Of the bigger housebuilders only Barratt, Redrow, McCarthy and Stone and Miller maintained their 5 star rating from last year. Taylor Wimpey, Bellway, Bloor, Crest, and Churchill Retirement Living, all lost their five star rating. Persimmon, Bovis and Avant also lost a star and are now the only housebuilders rated just 3 stars in the latest HBF National New Home Customer Satisfaction Survey. Just how bad are their new homes?
So why are standards getting worse and who is to blame?
These men are all guilty – guilty of building and handing over new homes late, not fully completed, with defects and failing to provide the required level of customer care to ensure that all their buyer’s problems are rectified quickly and effectively. Britain’s least wanted! – Lacking in star quality? They may have stars in their eyes but now have fewer on their site flags!
These CEOs have all presided over a fall in customer satisfaction levels in 2014, with not one of their companies attaining five star status. Two are now rated just 3 stars in the latest Home Builders Federation (HBF) “National new home customer satisfaction survey” results. They are fully aware that their companies are failing to improve both the quality of the homes they build and the service to their customers, despite these often being stated as important in their company reports. Together, their companies built around a third of Britain’s new homes in 2014 and their customers are not happy!
Crest CEO Stephen Stone said in the company’s annual report:
“Every customer expects their new home to be built well, finished to the highest quality and delivered free of defects. These are equal priorities for the business too and the focus on increasing housing supply must not divert from the challenge of improving construction standards, driving quality through our product and providing high levels of customer care.” Talk is cheap. Stone anticipated his company would lose their 5 star status saying: “negative feedback from completion delays due to inclement weather and shortages in the supply chain.” – If all else fails, blame the weather!
Having only just scraped into the five star rating in 2013, Peter Redfern CEO of Taylor Wimpey said in his company report:
“In 2014 we achieved a customer satisfaction rate of 87% (2013: 90%), with the decrease reflecting the challenge to deliver our homes on time as the labour market adapted to the better sales market.”

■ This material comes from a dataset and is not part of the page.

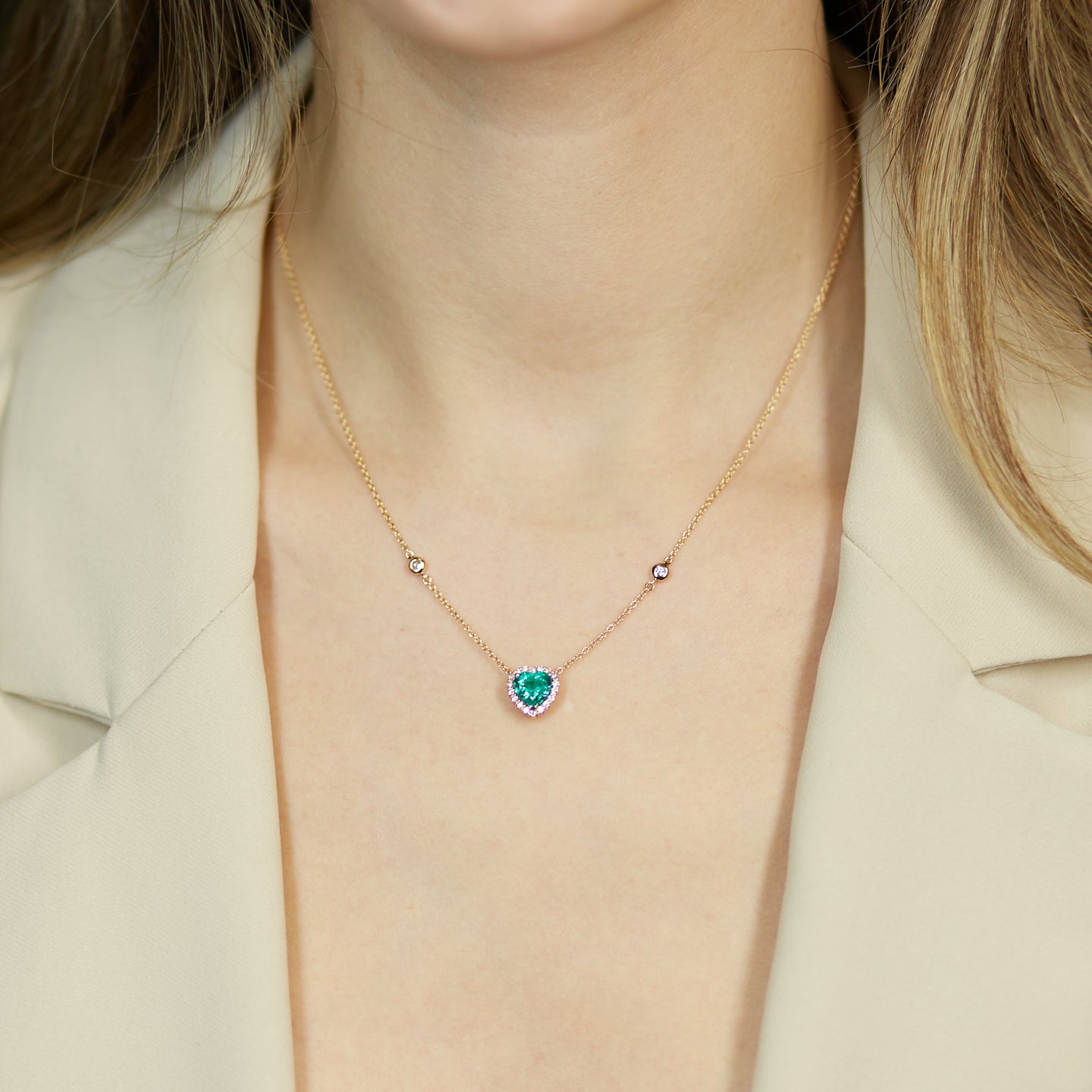 Girocollo in oro rosa con smeraldo Lab-Grown taglio cuore e diamanti Lab-Grown taglio brillante.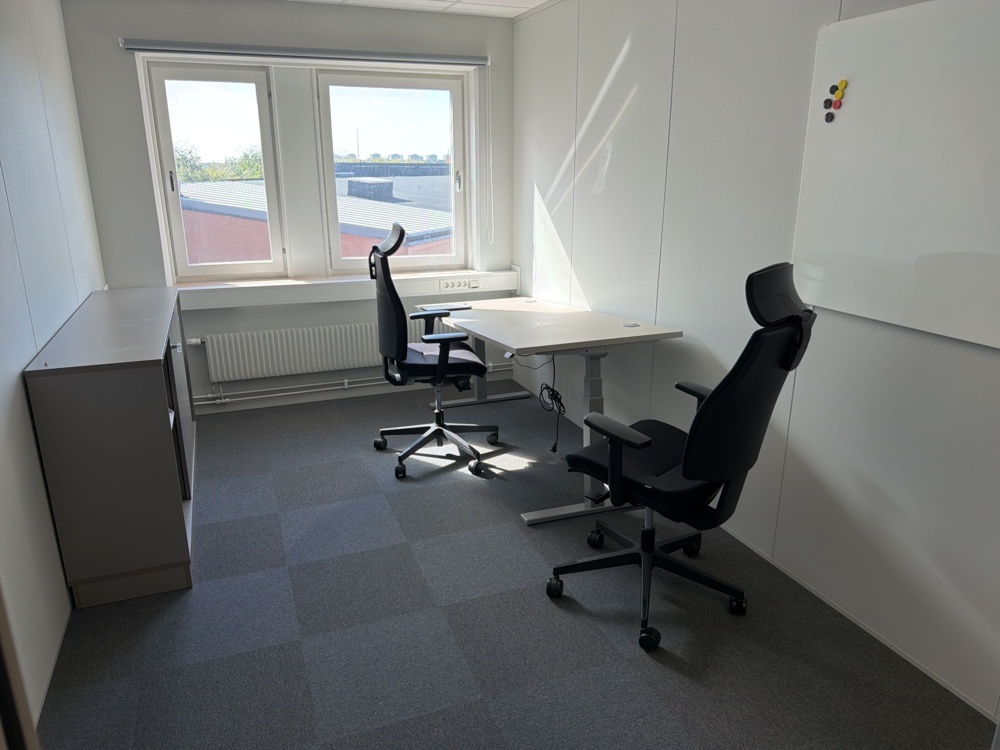 1566088-1 Kontorsarbetsplats med höj- och sänkbart skrivbord och inredning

In other words increasing the number of sales is more important than improving or at least maintaining quality. Taylor Wimpey could have took longer to build fewer new homes, better. The level and effectiveness of a housebuilder’s customer service is also unrelated to variations in market demand – it is policy.
Bellway said in its financial report that:
“Customers satisfaction is important to us as this can ultimately determine the success or otherwise of our business. We aim to deliver a positive sales experience to our customers, both before and following acquisition, building upon our reputation as a quality national housebuilder.”
Yet it is surprising that Bellway’s “principal” key performance indicators (KPI) are all financially driven. Not one KPI is with regard to customer satisfaction or quality. Hardly surprising Bellway also lost a star.
“Five Star Home Builder Satisfaction”
Even those rated five stars should not become complacent. The star rating is based on the percentage of Yes votes a housebuilder receives in the survey to this single question: “Would you recommend your builder to a friend – Yes or No”
Three stars for 70% and above, 80% or higher 4 stars and above 90% the coveted 5 star rating. This one question can hardly be regarded as an in depth, detailed, sophisticated analysis of a new homebuyer’s level of satisfaction. At best this is a somewhat vague and subjective question which neither of the definitive answers available is particularly suitable. It is human nature (and especially British) to answer favourably when presented with a yes/no option, even if not fully deserved especially if a “no” is not fully deserved either. People are naturally more reluctant to unfairly criticise than they are to offer an unwarranted endorsement. Would the results of all the survey questions be more accurate and paint a bleaker picture of UK housebuilding if they were all “on a scale of 1 to 10” rather than a Yes/No or very satisfied/fairly satisfied/neither/fairly dissatisfied/very dissatisfied options? You bet they would.
In isolation, there can be no direct correlation between a “yes” answer to this single question and the implications of a high quality endorsement of new homes built by a particular house builder or the customer satisfaction levels that the star rating is used to promote.
Six new house building “minnows” are now included in the HBF star rating table. They represent one in five of the housebuilders listed, but account for just 1% of the total number of completed surveys. Nearly half of all star rated house builders account for under 6% of all completed surveys, with one builder given a five star rating from just 11 completed surveys and a two others also rated five stars with less than 23 of their customers completing the survey.
Whilst better than nothing, do not take the HBF housebuilder’s star rating as an endorsement of either quality or service.